В этих болезненно колеблющихся, порой бессвязных и, с точки зрения просодии, неоформленных строчках Введенский, вероятно, сказал о себе самом больше того, что хотел, потому что они звучат наподобие некоего реквиема. А едва ли он к этому стремился – такая минорность мало совпадала с тем, что характеризовало поэзию «обэриутов».
Введенский и его соратники боролись с тем, что в их глазах было окаменением мысли, отвергали то, что считали «законопослушным», потому что это было для них антитезой поэзии. Они враждовали с теми, кто холостит слово, кто пользуется им для несвойственных его назначению целей – и в этом, вероятно, было их главное расхождение с Маяковским.
Был ли Введенский по-настоящему талантлив? Объем талантлив? [sic!] Объем талантливости ни на каких весах не взвесить, никаким аршином не измерить. Но он был из тех, кто пытался со свойственным ему азартом в ставшую чем-то обязательным серость внести какую-то пеструю, хотя бы искусственно раскрашенную струю, пускай с налетом эксцентризма, но, во всяком случае, шедшую из самого его нутра. Для этого стоит процитировать строфу из его «Элегии» с неуместно игривым эпиграфом: «Так сочинилась мной элегия о том, как ехал на телеге я», несомненно намекающим на пушкинскую «Телегу жизни».
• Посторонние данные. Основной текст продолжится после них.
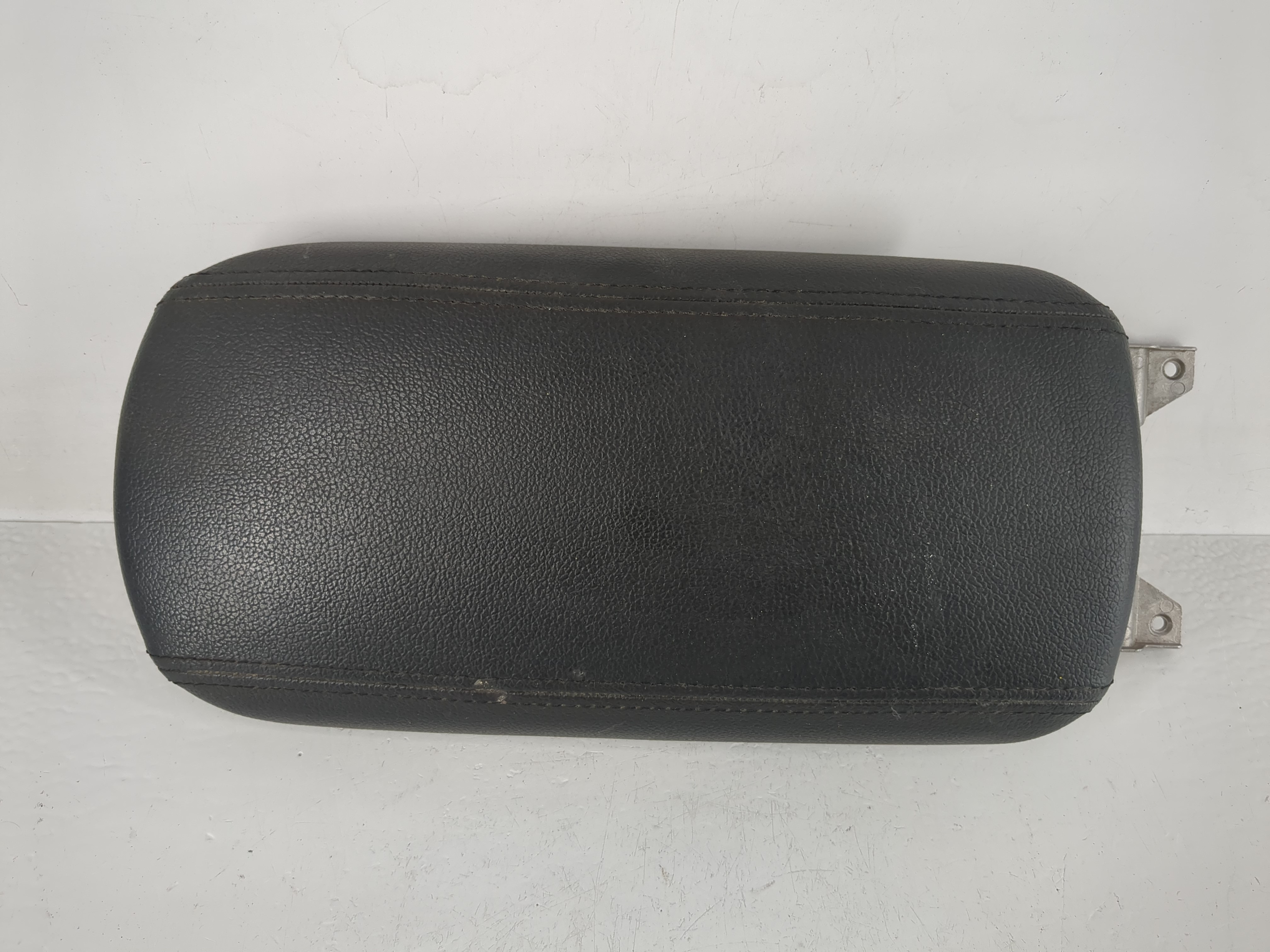 2014-2018 Kia Forte Center Console Armrest Cover Lid Black 1162124 - Oemusedautoparts1.com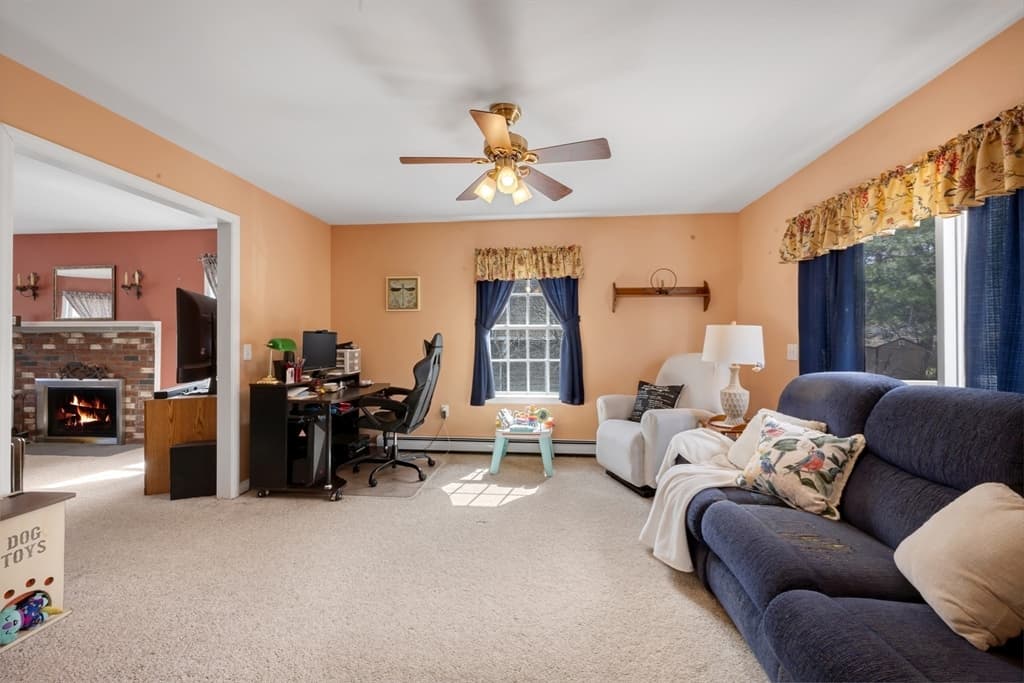 Single Family Residence at 31 Glen Echo Shore Rd, Charlton MA 01507, photo 20 of 36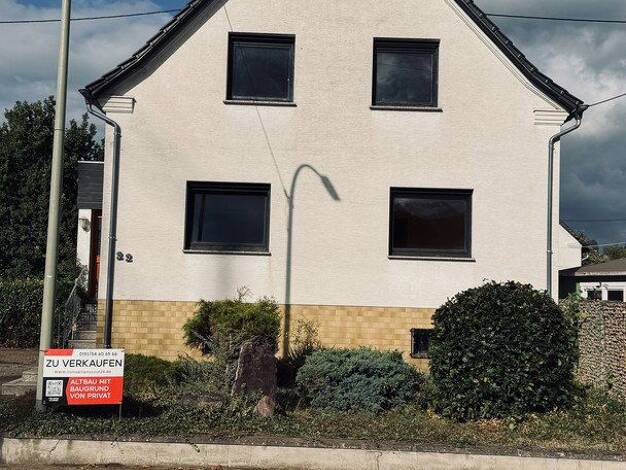 Einfamilienhaus zum Kauf provisionsfrei 199.000 € 8 Zimmer 149 m² 2.234 m² Grundstück Dillinger Straße 22 Körprich Nalbach 66809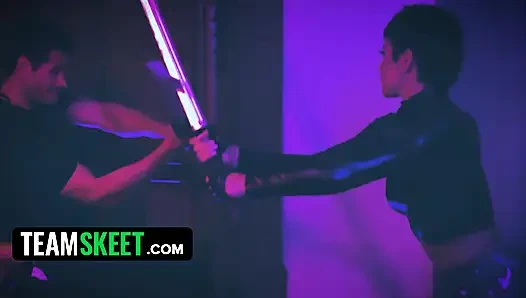 Cyberpunk Brooklyn Gray Cosplays a Futuristic Babe and Gets Creampied Hard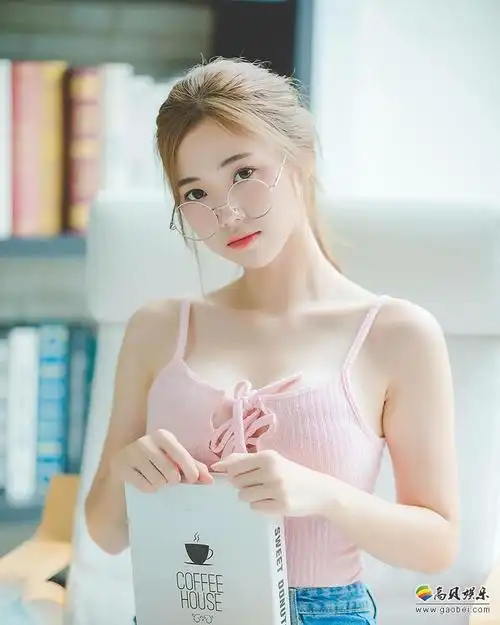 泰国正妹嫩模美照ecup大长腿艳丽面容和姣好身材吸引大批粉丝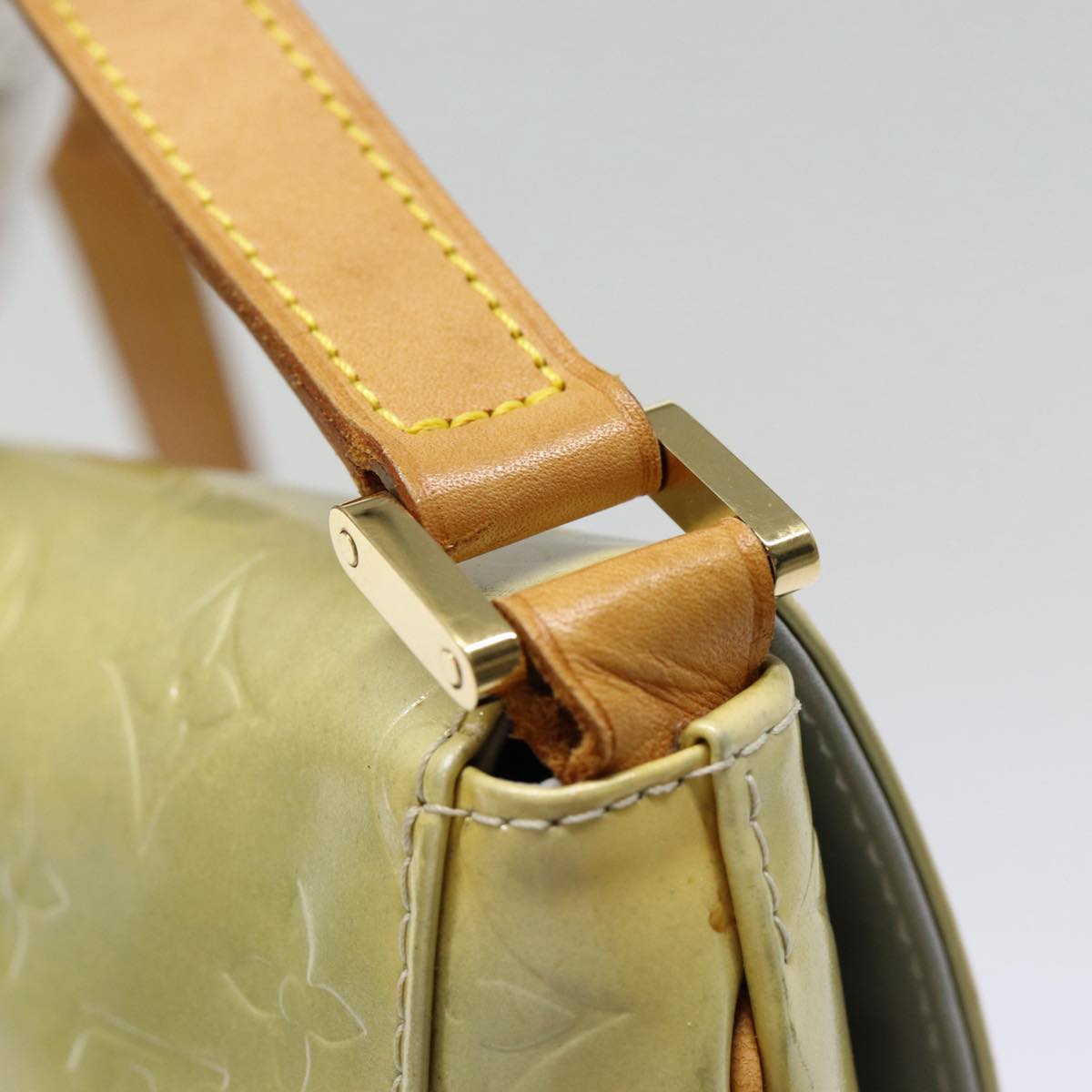 Louis Vuitton Thompson Street Grey Patent Leather Shoulder Bag (Pre-Owned)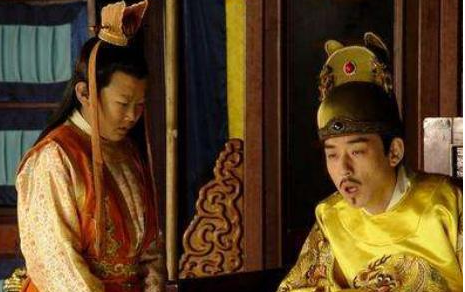 朱翊钧为什么在死后材板盖不住？原因是什么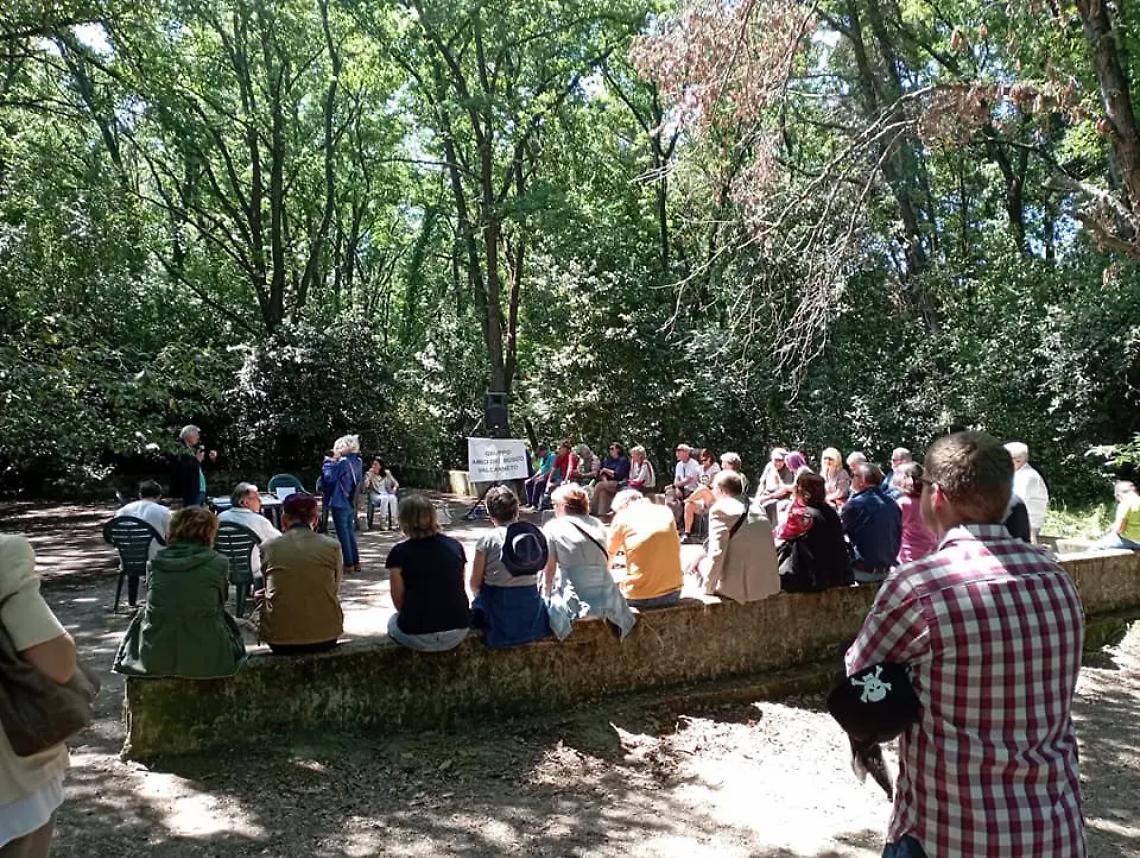 Reperti romani nel bosco, i cittadini chiedono al Comune di attivarsi per il recupero dei &ldquo;tesori&rdquo;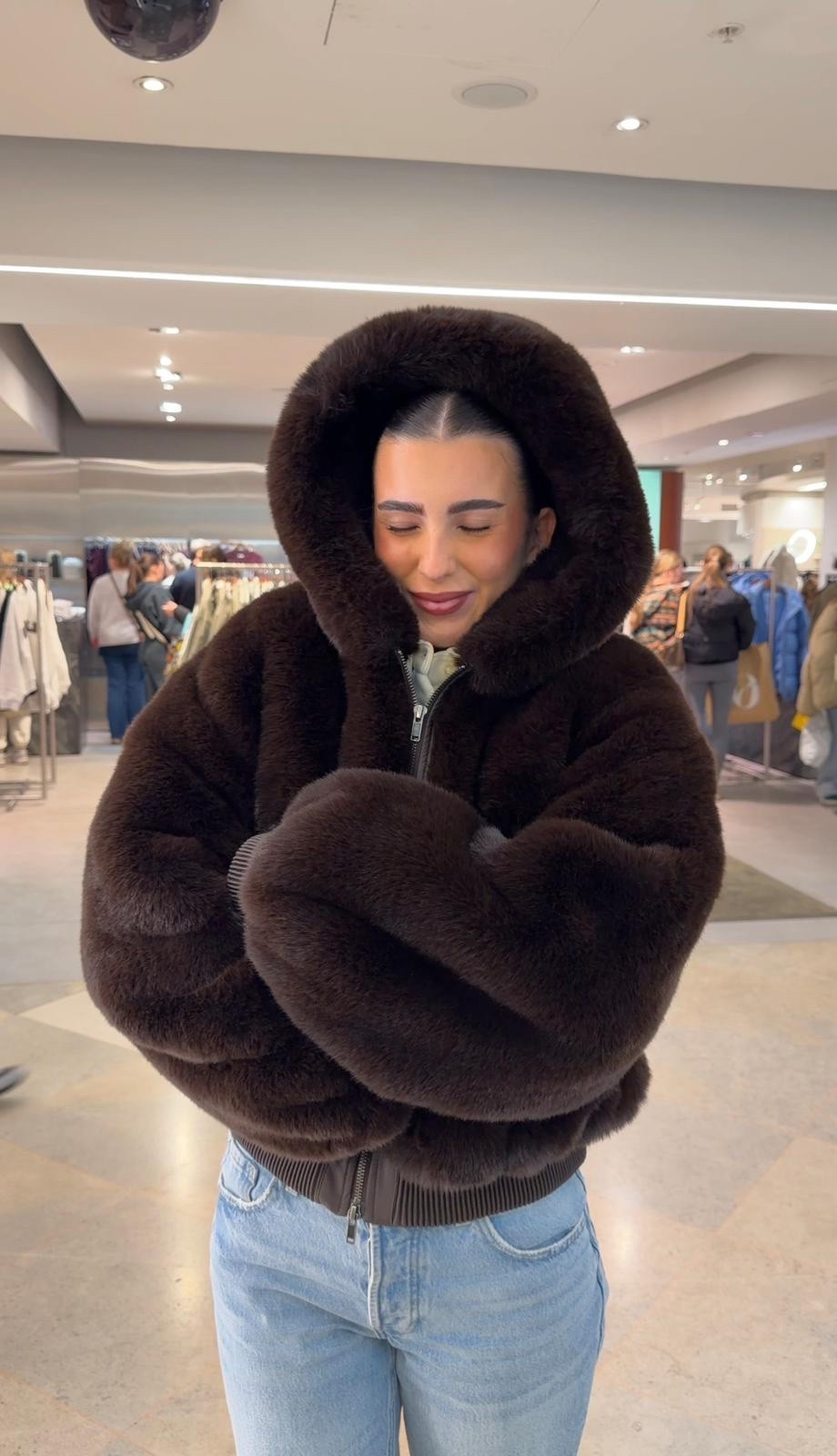 🐻🤎


Fur Coat, Winter Coat, Brown Fur 

#LTKautumn #LTKfestive #LTKwinter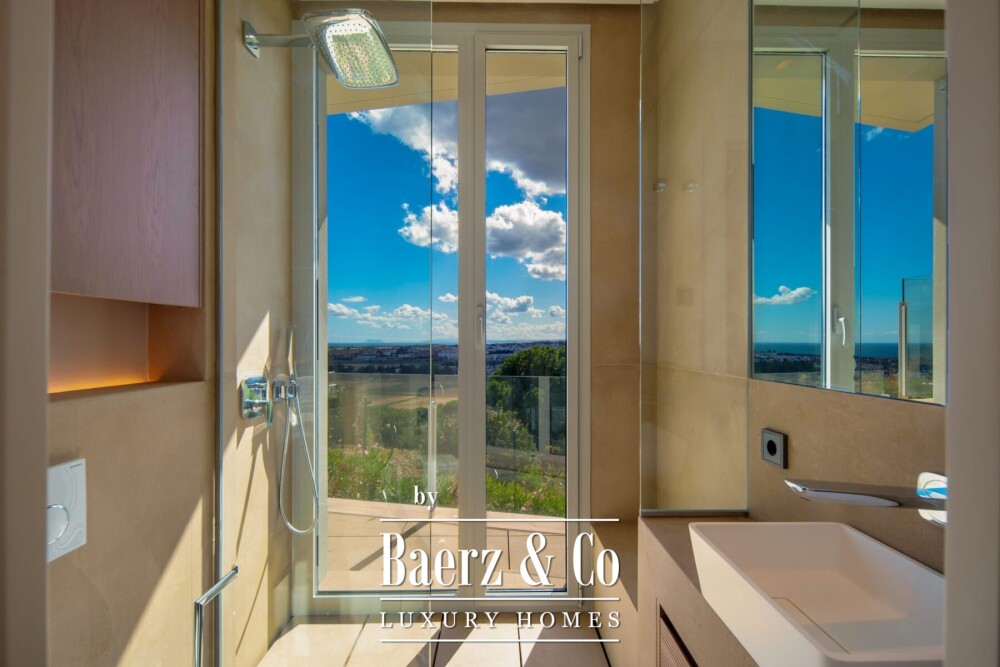 Villa - Nueva Andalucia - Marbella - Ref: 8728 image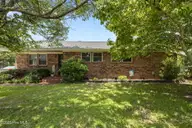 651 W Shore Drive, Swansboro, NC 28584 — 3-bedroom home in Edgewater Height, Swansboro, NC, photo 2 of 46: 2-web-or-mls-1S3A9235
Нам восхищенье неизвестно,
нам туго, пасмурно и тесно,
мы друга предаем бесчестно,
и Бог нам не владыка.
Цветок несчастья мы взрастили,
мы нас самим себе простили,
нам, тем, кто как зола остыли,
милей орла гвоздика.
«Как зола остыл» и Введенский, но, может быть, еще более для его силуэта показательно самое последнее из написанного им, некое «Где», «Когда», не причисляемое ни к какому поэтическому жанру, с такими словами в эпилоге: «Прощай тетрадь. Неприятно и нелегко умирать. Прощай мир. Прощай рай. Ты очень далек человеческий край» и дальше, словно некий постскриптум: «Но – чу! вдруг затрубили где-то – не то дикари, не то нет» и тогда Введенский вспомнил – «всю ту суету, всю рифму, которая была ему верная подруга, как сказал до него Пушкин. Тут тень всеобщего отвращения лежала на всем… и дикари, а может, и не дикари с плачем, похожим на шелест дубов, на жужжание камней и на вид пустыни вышли и спустились с вершин на землю. Ах Пушкин, Пушкин…»
Этот финальный вопль с взлетом к Пушкину не только многое в Введенском объясняет, но позволяет ввести его, если не на самый российский Парнас, то хотя бы на его ближайшие отроги.